L’odeur de la fumée aux derniers niveaux de cet immeuble rappelle le drame qui a eu lieu cet été. « Je ne pouvais pas faire demi-tour, j’ai dû rester à attendre sur mon balcon, prise au piège, que les secours arrivent… Aujourd’hui, je dois vivre dans l’appartement où j’ai failli mourir». Maria*, locataire du 18ème étage de la tour HLM au 38, rue Hemet à Aubervilliers a du mal à se défaire des images de l’incendie.

Le 26 juillet dernier, à 17h00, le feu se déclare au 17ème étage du bâtiment causant la mort de quatre personnes. A l’origine : un enfant de 10 ans, laissé seul dans un appartement du 17ème étage, jouait avec un briquet et un torchon. Sur place, les secours sont précédés par les jeunes du quartier, qui commencent l’évacuation des habitants, certains étant à mobilité réduite. Halima, 45 ans et locataire du 11ème, est admirative de ce que les jeunes ont accompli : « Ils ont été très réactifs. C’est eux qui ont entendu en premier l’enfant qui a causé l’accident et qui criait au secours par la fenêtre. Ils l’ont sauvé, et ils ont tout de suite eu le réflexe d’éteindre le gaz et l’électricité avant l’arrivée des secours. »

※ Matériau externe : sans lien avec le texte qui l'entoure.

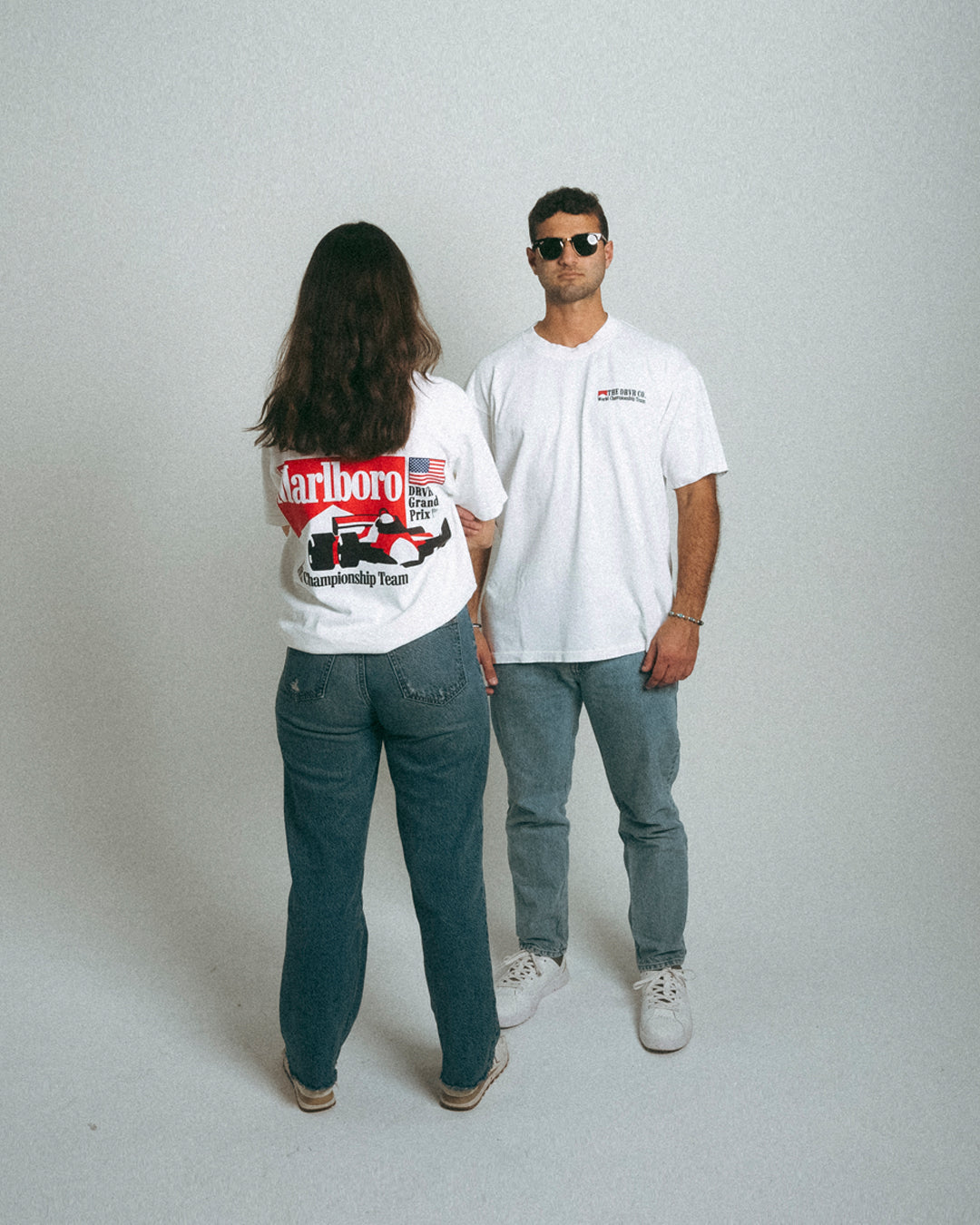 Man and woman sporting White heavyweight racing shirt, looking from the front and from the back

Relogement et traumatismes

C’est le troisième incendie qu’a subi la tour, le plus violent aussi. Les quatre victimes viennent toutes d’une même famille. Au 17ème étage, M. Traoré a perdu sa femme enceinte de six mois et ses enfants âgés de 1, 4 et 6 ans. Aujourd’hui, M. Traore est parti au Mali, son pays d’origine. S’il revient en France, la mairie d’Aubervilliers indique être à sa disposition pour lui attribuer un nouveau logement, nous explique Anthony Daguet, président de l’OPH d’Aubervilliers.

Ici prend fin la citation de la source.